РЕЦЕНЗИЯ / Александр НЕСТРУГИН. «ТЁПЛЫЙ СВЕТ ИЗДАЛЕКА…». О книге Валерия Кремера «Вода небесная светла»
Александр НЕСТРУГИН

Александр НЕСТРУГИН. «ТЁПЛЫЙ СВЕТ ИЗДАЛЕКА…». О книге Валерия Кремера «Вода небесная светла»

 

Александр НЕСТРУГИН

«ТЁПЛЫЙ СВЕТ ИЗДАЛЕКА…»

О книге Валерия Кремера «Вода небесная светла»*

 

Валерий Кремер…

Поэт. Родился и жил в Саратове. Были публикации (их перечень убедителен, но не слишком длинен). Выходили книги. Получив несколько лет назад в подарок одну из них, я, скользнув взглядом по скромного вида обложке, прочитал: «Любовь». Помню, удивился тогда: слово-то ёмкое, но затёртое, потерявшее «вкус». И взять его в название, да ещё и без «соуса»-эпитета, для любого автора риск немалый. Удивиться-то удивился, но как-то буднично, походя (названия и мне даются трудно), – и отрыл книгу. Однако вскоре, уже «вжившись» в неё, подумал: нет, с названием что-то не так. Не «прилипает» оно к таким неоднозначным стихам, которые просто не умеют, подобно паучкам-водомеркам, скользить по поверхности, над глубиной.

Вернулся к обложке – Господи, ну куда ж я смотрел? – «Люболь»!

Вот оно – настоящее, глубинное, предельно точное. И сразу вспомнилось название одной из поэтических книг Юрия Перминова – «Головокруженщины мои». Наверное, потому и вспомнилось, что суметь так назвать свои книги, найти такие редкие, уводящие за собой, влекущие имена-метафоры немногим удаётся. Жаль только, что мы, читатели, привыкшие даже на поэзию смотреть сквозь серую муть словесных штампов, не всегда такие жемчужины замечаем…

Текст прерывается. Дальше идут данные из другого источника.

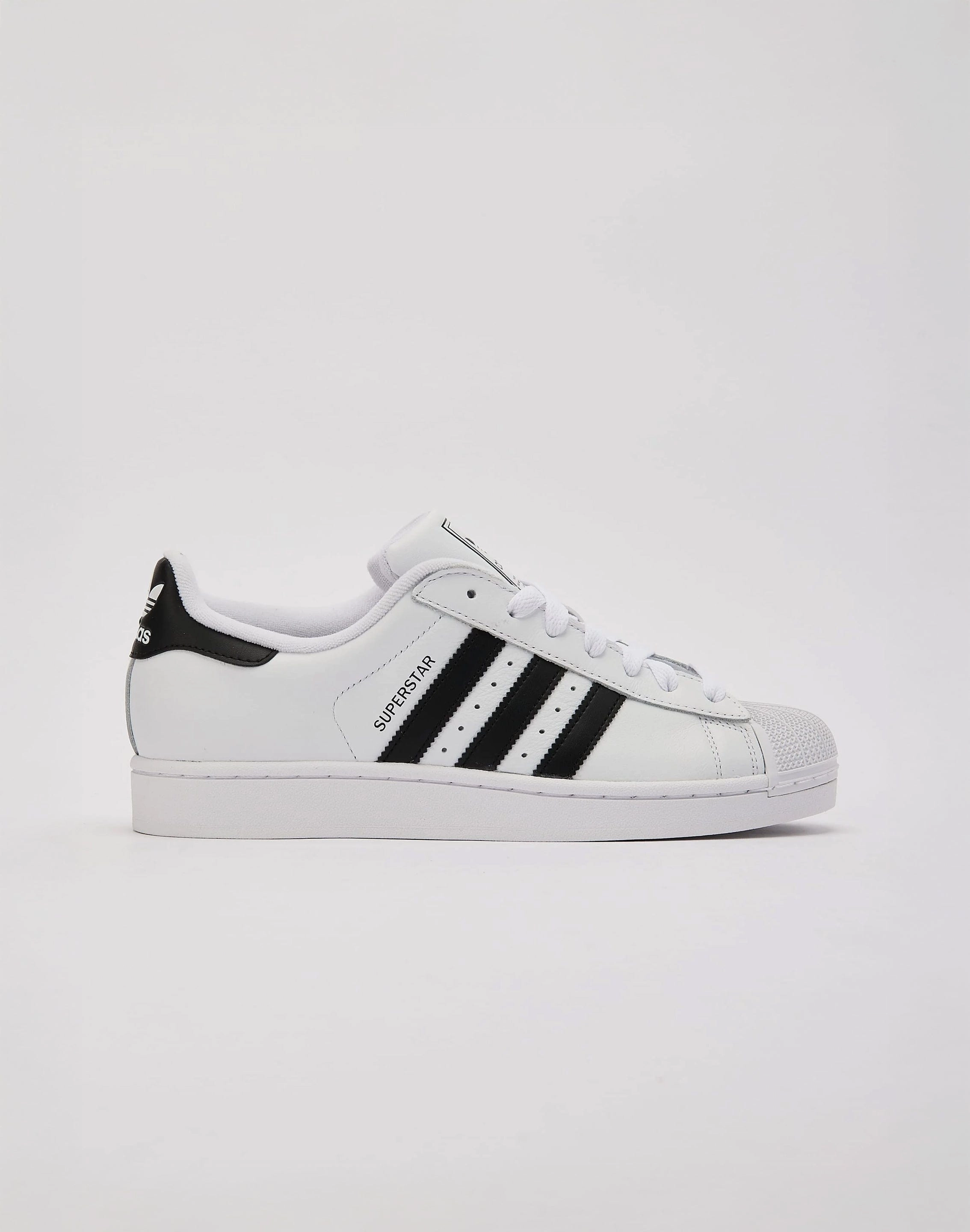 Training Flexible Design Adidas Superstar II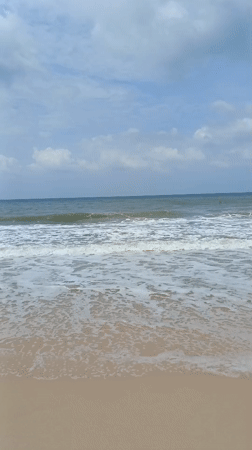 Quiet morning on the Mũi Né shoreline, cloudy skies overhead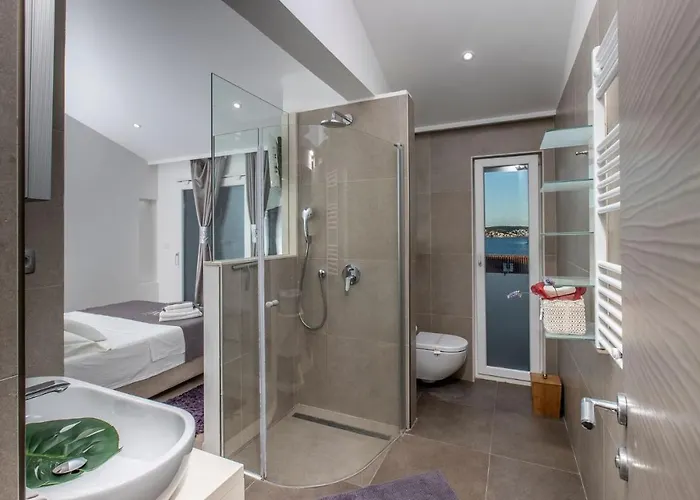 Martinis, Rogoznica, Private Heated Pool * Rogoznica (Sibenik-Knin)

Почувствовав в авторе «Люболи» душу близкую, я откликнулся на стихи Валерия Кремера коротким «эпистолярием», привычным в наши дни виртуальным «мылом». На большее не сподобился, и, хоть были на то свои причины, чувствовал перед Валерием вину. Утешал себя: ведь будут у него ещё книги; вот следующая выйдет…

Вот она и вышла, следующая, но ничего не поправишь. Слова моего мой ровесник уже не услышит: в прошлом году Валерия Адольфовича Кремера не стало. Саратовская поэтесса Елизавета Мартынова, друг, жена и муза Валерия, составила и издала книгу его избранных стихов и прозы «Вода небесная светла». И вот она передо мной, эта книга – увесистый том, с любовью и тонким вкусом выстроенный, неброско, но точно оформленный, снабжённый не пафосным, очень важным для понимания жизни и творчества Валерия Кремера послесловием. На обложке – фото автора, сидящего в лесу на поваленном дереве. Обхватив руками колено, Валерий Кремер не позирует, а спокойно и внимательно вглядывается в нас, своих будущих читателей. Попробуем и мы «вглядеться» в поэта столь же внимательно…

Эпиграфом – и главным посылом-критерием – пусть будет при этом мысль самого поэта, приведённая Елизаветой Мартыновой в послесловии: «Стихотворение – суть человека, – говорил он мне, – в написанном на бумаге автор виден как на ладони, в нём, стихотворении, проявляется всё его человеческое существо. И никакие показные метафоры, сравнения и прочие «завитушки вокруг пустоты» не делают стихотворение стихотворением, не спасают написанное в рифму от этой самой пустоты».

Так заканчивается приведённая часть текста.